Large EU-registered investment managers are expected be required to provide detailed breakdowns of their voting behaviour at portfolio companies by the end of this year.
This will include listing the proportion of voting rights held in portfolio companies where a manager has more than 5% voting rights, thematic breakdowns of votes over the past reporting year, usage of proxy advisors and information on a manager’s voting guidelines.
The disclosure rules are set out in draft regulatory technical standards, published today by the European Banking Authority (EBA), specifying the information that investment firms will need to publicise to comply with the EU’s new prudential regime which began in June.
The final draft RTS has been submitted to the European Commission for adoption, and the rules also need to be approved by the European Parliament and Council of member states. The first disclosure date will be 31 December 2021, the EBA said.
Under the regime, introduced by the EU Investment Firm Regulation and Directive (IFR/IFD), large investment firms are subjected to the same prudential rules as deposit-taking banks, meaning that managers will have to maintain capital buffers to cover potential losses from their activities, in addition to new governance and remuneration requirements.
This includes a ban on guaranteed bonuses, the creation of gender-balanced remuneration committees, stricter rules on variable remuneration and termination payments. Investment firms will also have to provide details of their remuneration policies and practices, including information related to the gender pay gap.
Today's draft technical standards on disclosure of investment policy were developed jointly by the EBA and the European Securities and Markets Authority. An initial draft of the standards was released for public feedback in March.
Both the IFR and IFRD, including the voting disclosure requirements, will apply to fund managers with assets of more than €100m.
Investment firms subject to the voting disclosure rules will need to report the percentages of vote cast for, against and abstentions according to seven themes which include Board Structure, Executive Remuneration, Auditors, and Environment, Social and Ethics – which is consolidated into one theme.

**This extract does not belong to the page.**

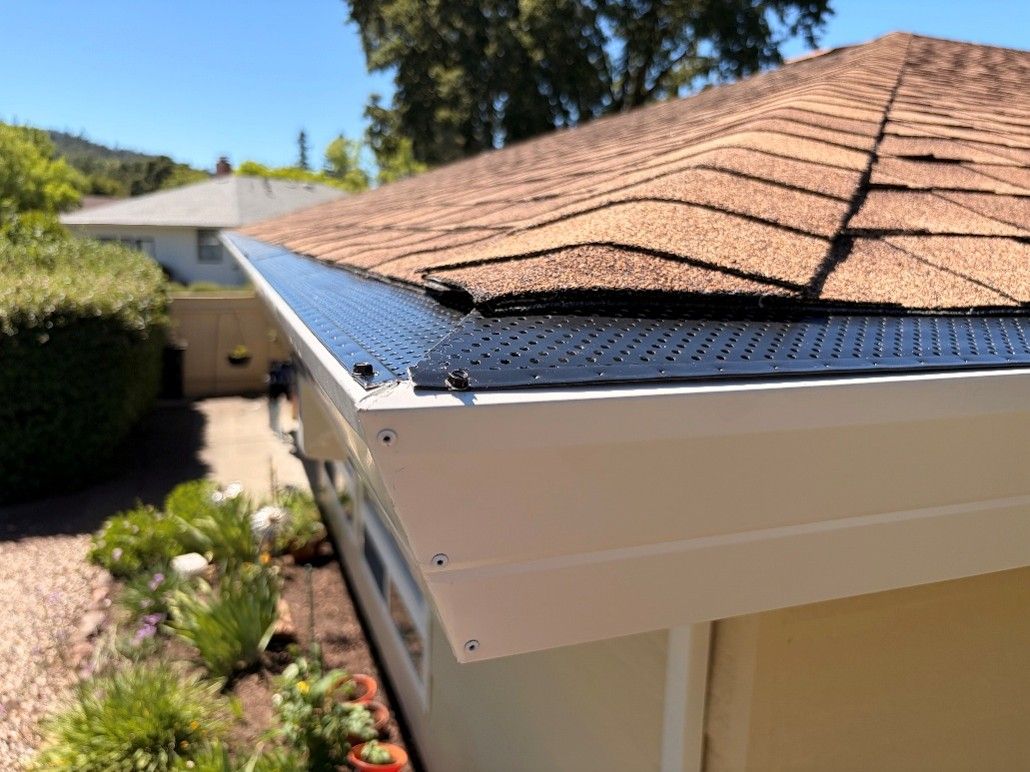 Seamless gutter with perforated leaf guard installed on asphalt shingle roof California Seamless gutter with perforated leaf guard installed on asphalt shingle roof California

The rules will apply to shares held directly and indirectly – referring to “shares held by subsidiaries or any other undertakings of investment firms, where an investment firm exercises significant influence”. It does not include discretionary portfolio arrangements where clients retain voting rights and prohibit managers from voting on their behalf.
The inclusion of indirectly held shares was initially a point of contention among stakeholders over concerns that managers would not be able to influence votes in their subsidiaries. However, the EBA said: “In order to understand the full picture, a broad interpretation of the term ‘indirectly held’ was hence assessed as necessary. The term should not only include shares held by subsidiaries, but also shares held by any other undertaking where the parent investment firm exercises a decisive/dominant influence or control over the undertaking.”

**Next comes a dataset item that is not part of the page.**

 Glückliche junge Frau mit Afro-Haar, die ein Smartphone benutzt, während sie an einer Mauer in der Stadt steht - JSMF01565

“Whilst this implies some additional costs for institutions in the form of a broader scope of disclosure … the more complete information and transparency this achieves for the market is assessed to outweigh the additional costs,” it added.
Separately, UK regulator the Financial Conduct Authority will also introduce prudential and voting disclosure requirements for licensed investment firms in the wake of Brexit, and published its initial proposals for feedback in August.
The FCA approach is largely in line with the EU rules but will apply to all FCA-regulated companies, and will require slightly less detailed disclosures particularly in relation to the usage of proxy firms.
In the US, the Securities and Exchange Commission recently introduced its own proposals requiring fund managers to label and categorise voting disclosures to help investors “identify votes of interest and compare voting records”.